Optionally, the height of the first positioning units 12 is 20-500 micrometers, and the number of the first microcolumns of each first positioning unit 12 is 10-30; the first microcolumn is a cylinder, and the diameter of the first microcolumn is 10 micrometers; the gap between adjacent first microcolumns was 5 μm. This allows the first positioning unit 12 to be designed reasonably to capture a mass of cells, and further reduces the flow resistance of the culture medium containing organoids and immune cells in the cell culture region 10.
Optionally, a plurality of rows of second positioning units 13 are arranged at intervals along the flowing direction of the liquid in the factor detection area 9, the second positioning units 13 in adjacent rows are staggered with each other, the second positioning units 13 are V-shaped and are formed by three second micro-columns, the openings of the second positioning units 13 face the detection sample inlet 5, and a gap is formed between the adjacent second micro-columns; the second positioning unit 13 is used for capturing and positioning the microbeads;
the capture micro-beads and the detection micro-beads enter the factor detection area 9 from the detection sample inlet 5; the capture beads are polystyrene beads which are connected with cytokine antibodies and do not have fluorescence and have the diameter of 15 micrometers, and the detection beads are polystyrene beads which are connected with cytokine antibodies and have the fluorescence and the diameter of 0.5 micrometer; each of the second positioning units 13 captures one of the capture microbeads, and the detection microbead passes through a gap formed between the adjacent second microcolumns.

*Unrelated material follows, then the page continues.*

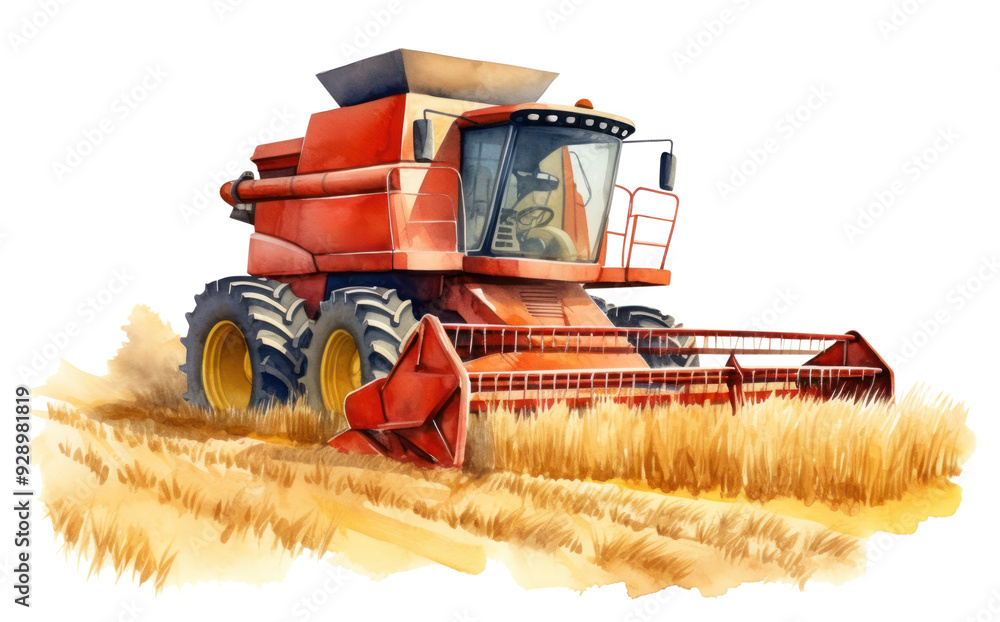 Poster png harvest tractor, watercolor farming element, transparent background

In the above embodiment, the second positioning unit 13 is reasonably designed to effectively capture the capture beads, and the detection beads can pass through the gaps formed between the adjacent second microcolumns.
After the cell factors released by the cell culture area 10 permeate into the factor detection area 9 through the gel isolation area 11, the capture beads and the detection beads form a connection structure of capture beads-antibody-cytokine-antibody-detection beads, so that the capture beads captured by the second positioning unit 13 gradually have fluorescence, and the proportion of the capture beads with fluorescence in the factor detection area 9 is counted, so that the content of the cell factors in the cell culture area 10 is detected, the detection mode is simple, and the detection result is accurate.
Optionally, the height of the second positioning unit 13 is 20-500 micrometers, and the second microcolumn is a cylinder with a diameter of 10 micrometers; the gap between adjacent second microcolumns was 10 μm. This makes the structural design of the second positioning unit 13 reasonable, and can better realize the function of the second positioning unit 13.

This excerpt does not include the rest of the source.